───── INPUT ─────

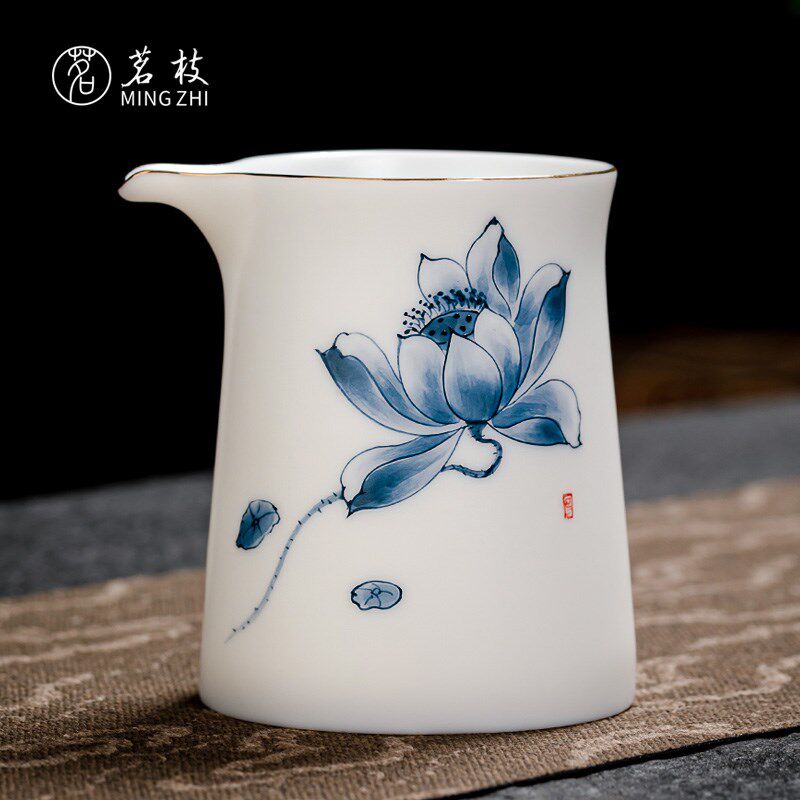 茗枝白瓷公道杯大容量分茶器匀茶杯素烧手绘莲花中式陶瓷高档茶海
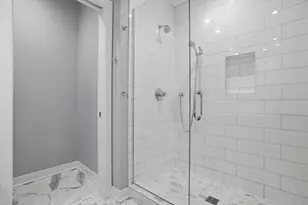 2527 W Homer St, Chicago, IL 60647 - Photo 19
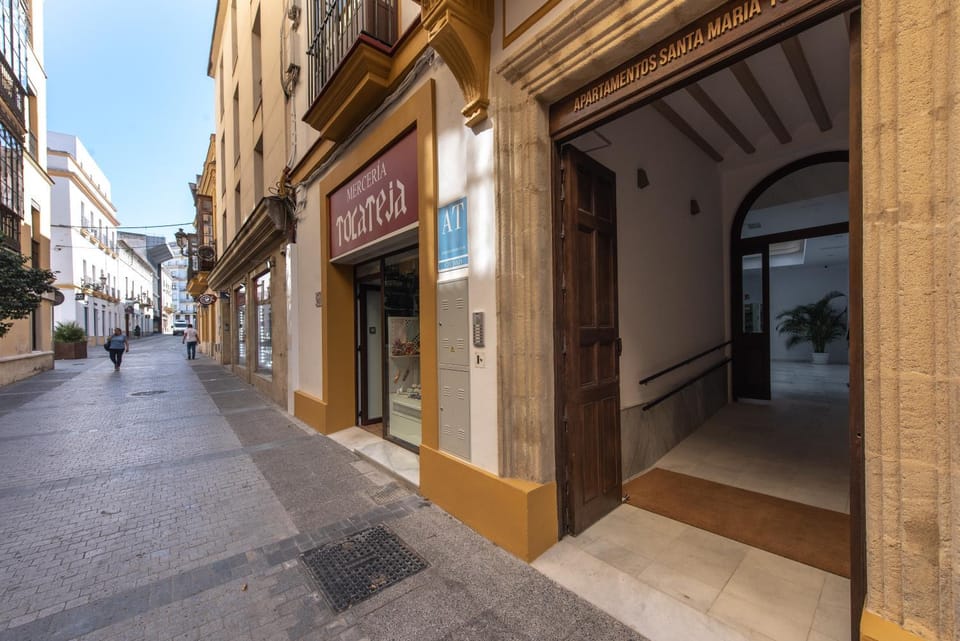 Property building, Facade/entrance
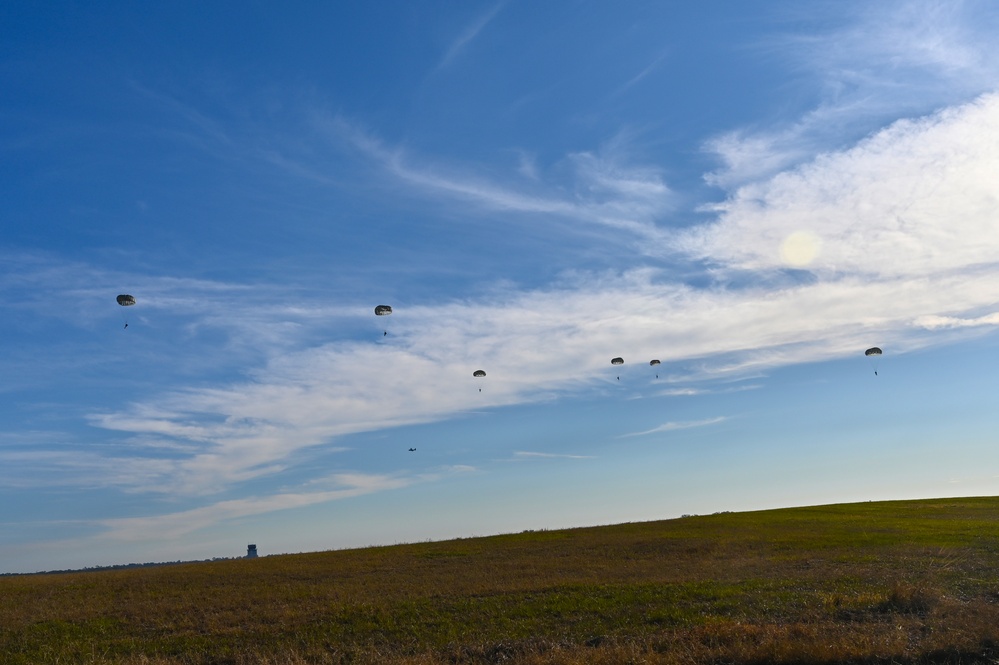 Jumping In: JCSE Airborne Ops Keep Forces Connected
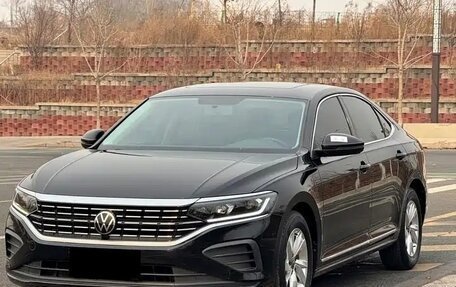 Volkswagen Passat B8 рестайлинг, 2023 год, 2 415 000 рублей, 2 фотография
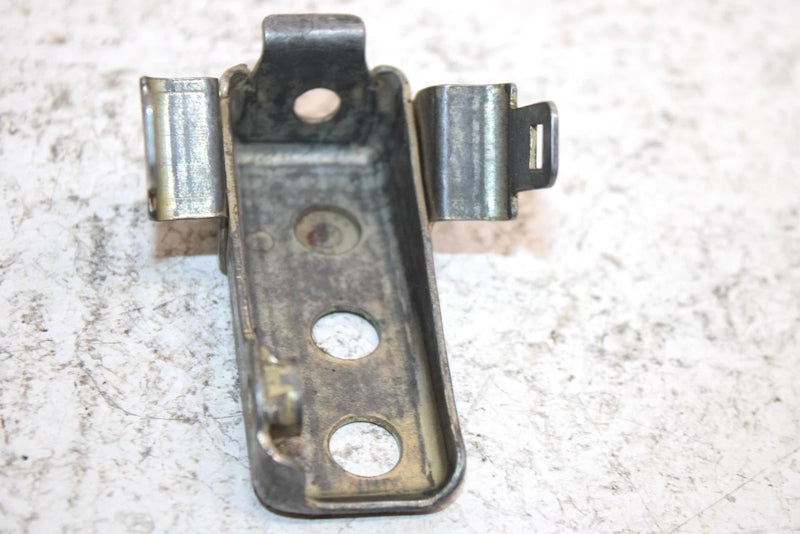 1987 Honda Fourtrax 350 A Oem Right Air Duct Bracket 17214-HA7-670 AH39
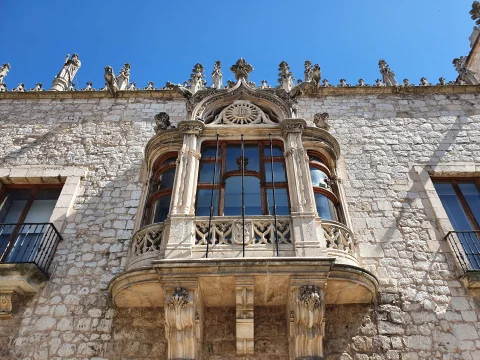 Vista en contrapicado de las ménsulas decorativas que sostienen el mirador monumental de la Casa del Cordón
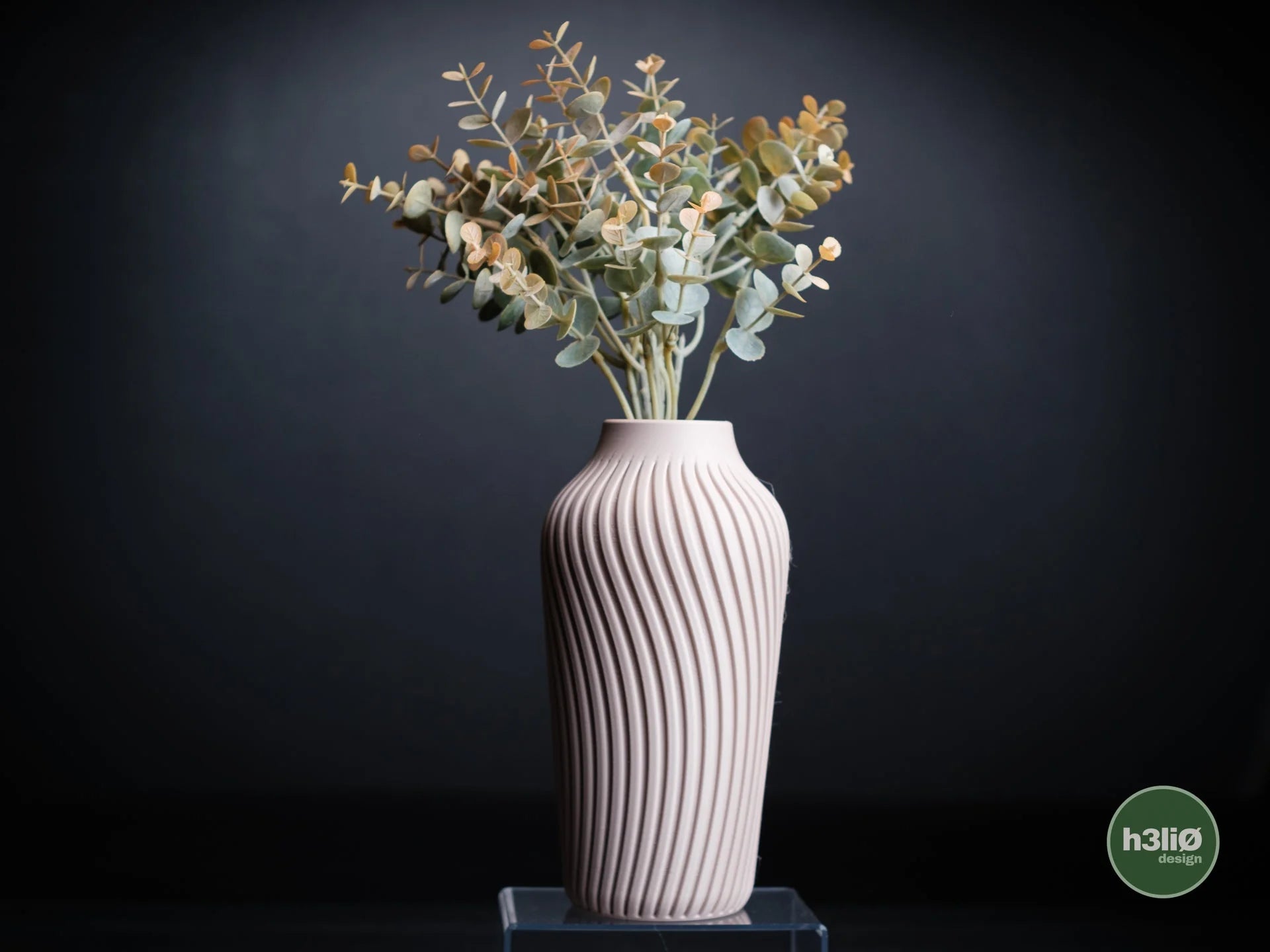 radiate · vase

─────

» WHAT IS BEING ASKED
Return every record exactly, without the pictures.

» ANSWER BOX
 茗枝白瓷公道杯大容量分茶器匀茶杯素烧手绘莲花中式陶瓷高档茶海
 2527 W Homer St, Chicago, IL 60647 - Photo 19
 Property building, Facade/entrance
 Jumping In: JCSE Airborne Ops Keep Forces Connected
 Volkswagen Passat B8 рестайлинг, 2023 год, 2 415 000 рублей, 2 фотография
 1987 Honda Fourtrax 350 A Oem Right Air Duct Bracket 17214-HA7-670 AH39
 Vista en contrapicado de las ménsulas decorativas que sostienen el mirador monumental de la Casa del Cordón
 radiate · vase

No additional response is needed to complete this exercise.